Film & TV

Cinematic Dogmatic #3 – 12/2/16 – 19/2/16

Our newest feature brings you all the latest films in one place! Does A Bigger Splash live up to its name? Does Dad’s Army touch a nerve? Tom brings you quick-fire opinions on the hottest new releases.

A Bigger Splash
It’s incredibly difficult to render certain feelings effectively on screen, yet A Bigger Splash renders the palpable, ineffable combination of awkward group tensions and just-too-hot summer exactly. It doesn’t really simmer at any point, merely explodes with increasing scale and devastation throughout, as clammy lust and contempt continually broils over between Matthias Schoenaerts’ nice guy, Dakota Johnson’s collegiate Lolita, the temporarily mute, otherworldly Tilda Swinton and firecracker Ralph Fiennes (an excellent perpetually shifting power dynamic between those two). Sensationally offbeat and terse, yet sprawling in its mapping of desire and regret.

Dad’s Army
Never caring for the source series, there was no nostalgia raising my expectations or hampering my view. Despite that, the comedy was as you’d expect from a large-scale Brit film with an enviable cast (Jones, Nighy, Zeta-Jones, Gambon, even Courtenay post-45 Years). The jokes are sporadic and signposted, almost afraid of a more nuanced aim in case some of the audience is lost, while the ‘drama’ of the narrative is as well-worn as the WWII setting. Of course the risk of being afraid to lose anyone is no one is won. Like a DA tribute band, and the trouble with tribute bands is they are so defined by their origins they can never have a life of their own.

Deadpool
Look, this is a sentence. And another. Though, that was technically not, because it was just a fragment. See, being post-modern and self-aware is fun. But if all I’m doing is signposting what I’m doing, where is the interest? It’s like the smartass cinephile the movies love to depict, the one who doesn’t care about film but points out narrative tropes and constructs as if that’s clever. And instead of sitting next to you, he’s on-screen, the hero you’re supposed to worship. Violence and gore in superspandex is not new, Kick-Ass did it. And the knowing subversiveness this lacked. And it showed it’s possible to be tonally adolescent and still possess wit. This however…

Goosebumps
As a child reading these books, the idea of a film where ALL OF THE MONSTERS ARE LOOSE CRAZY SHENANIGANS would have enthralled me, and somehow over a decade later it didn’t disappoint like it frankly should have. Nowhere near as macabre and uncanny as the TV series, instead Goosebumps pitches itself at a wider, more general audience, but save for the odd smirk-inducing Stephen King joke it relies on nostalgia over adult references to win the original readers. Possesses the Joe Dante-esque quality, if not the same irreverent charm, of being a perfect inroad into horror for young people.
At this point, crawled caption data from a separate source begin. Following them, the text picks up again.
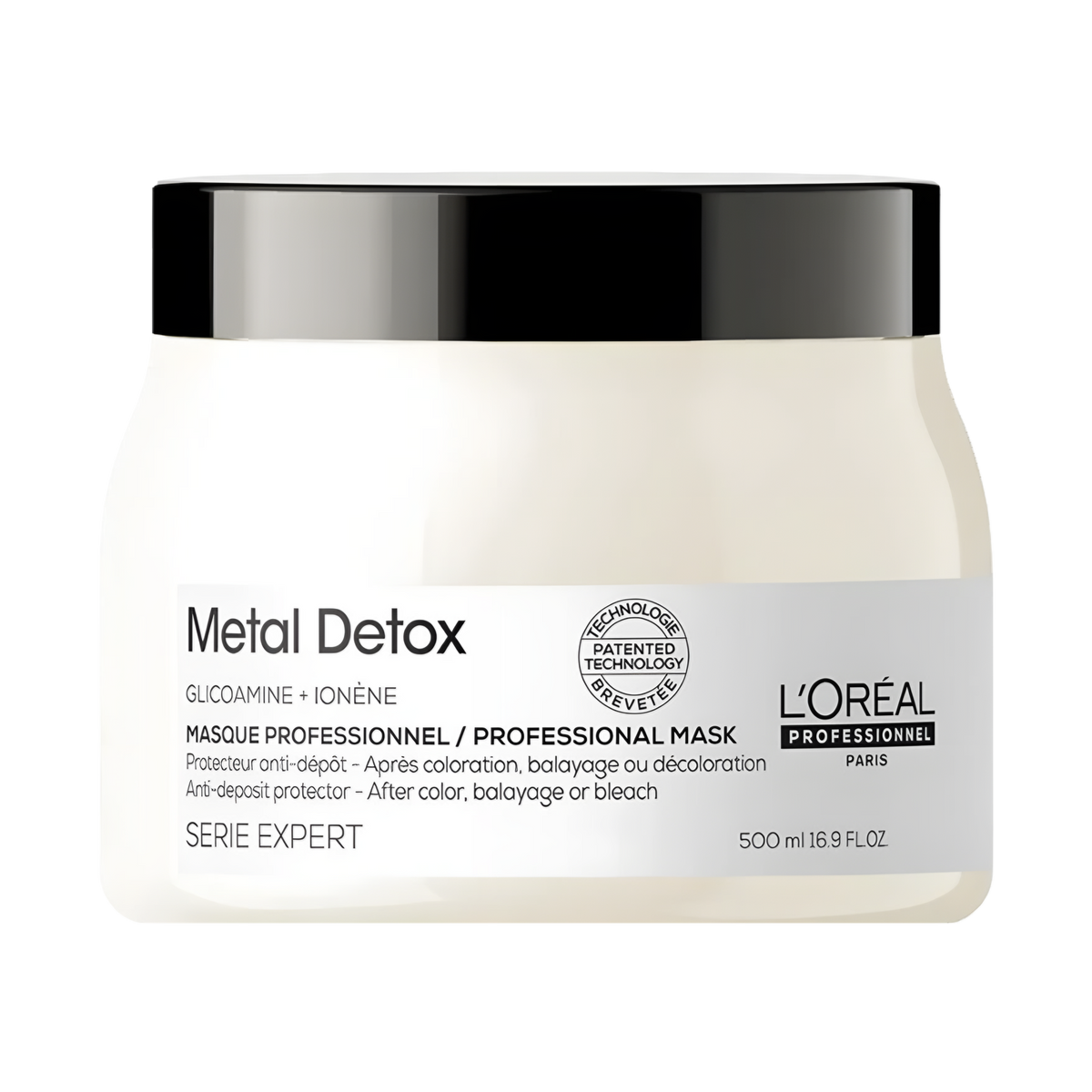 L'Oréal Professionnel Serie Expert Metal Detox Protective Mask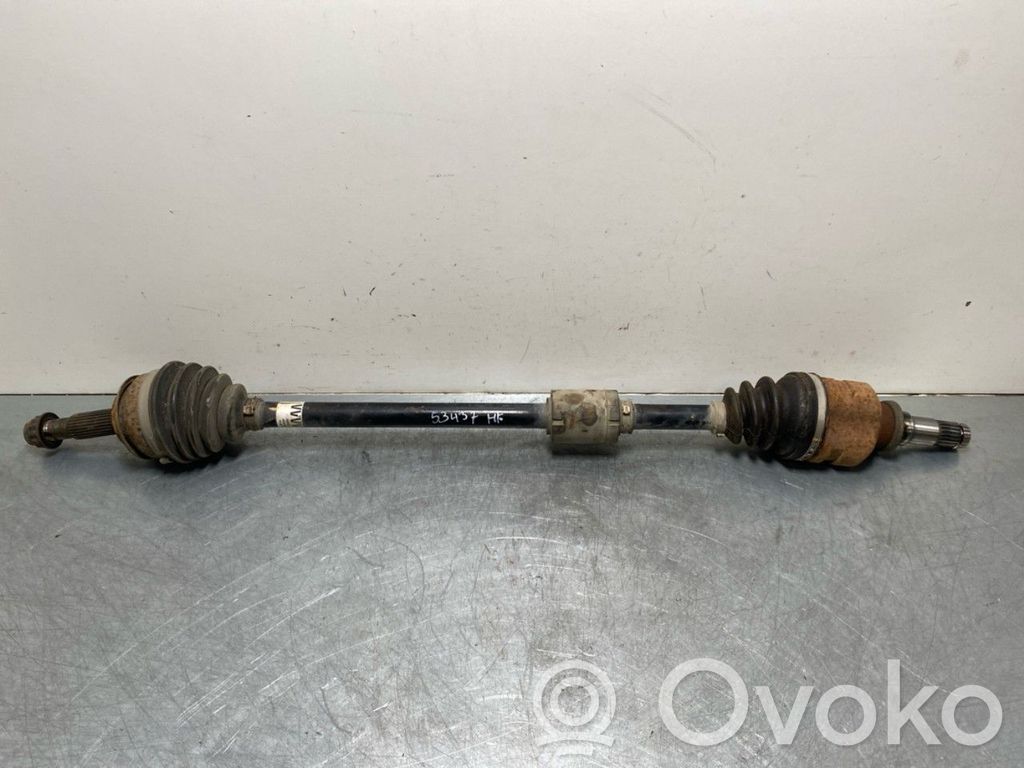 Toyota Yaris Planetară față 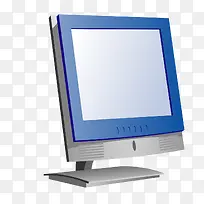 卡通电脑显示器素材-空若网 卡通电脑显示器素材-空若网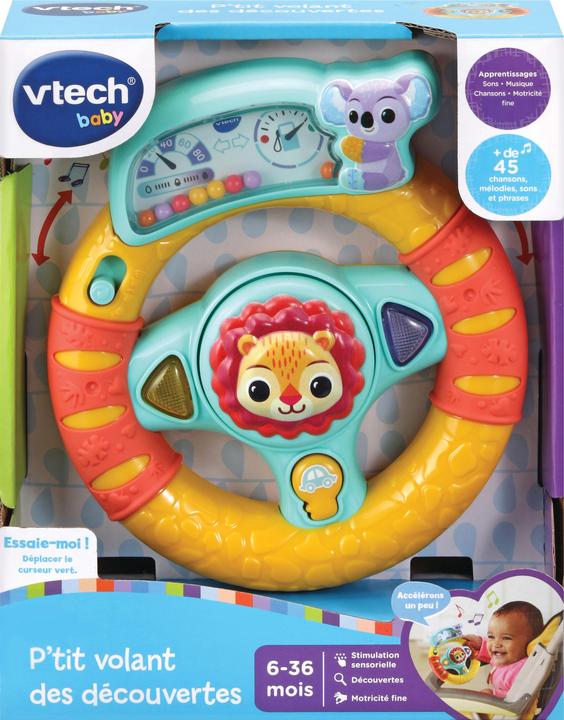 Produktbild VTech Kleines Fliegendes Rad Der Entdeckungen (Französisch)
Pride and Prejudice and Zombies
Stretching a rubbernecking title out to the length of a bestselling novel is nothing to be slighted, even with assistance from Austen’s source text. To pull that feat off twice, here in the context of a 108 minute film? Well it half succeeds, which is expected considering it’s a dichotomous film which coheres rarely. Not enough depth, not enough splatter. Perhaps P&P&Z would have benefitted from ditching the P&P, maintaining just the generic Regency period. Nonetheless, the comedy of manners and sexes is ramped up within the paradigm of 21st century gender politics and undead shenanigans, and while never delving deep it’s nonetheless an often amusing adaptation of an already high-concept origin.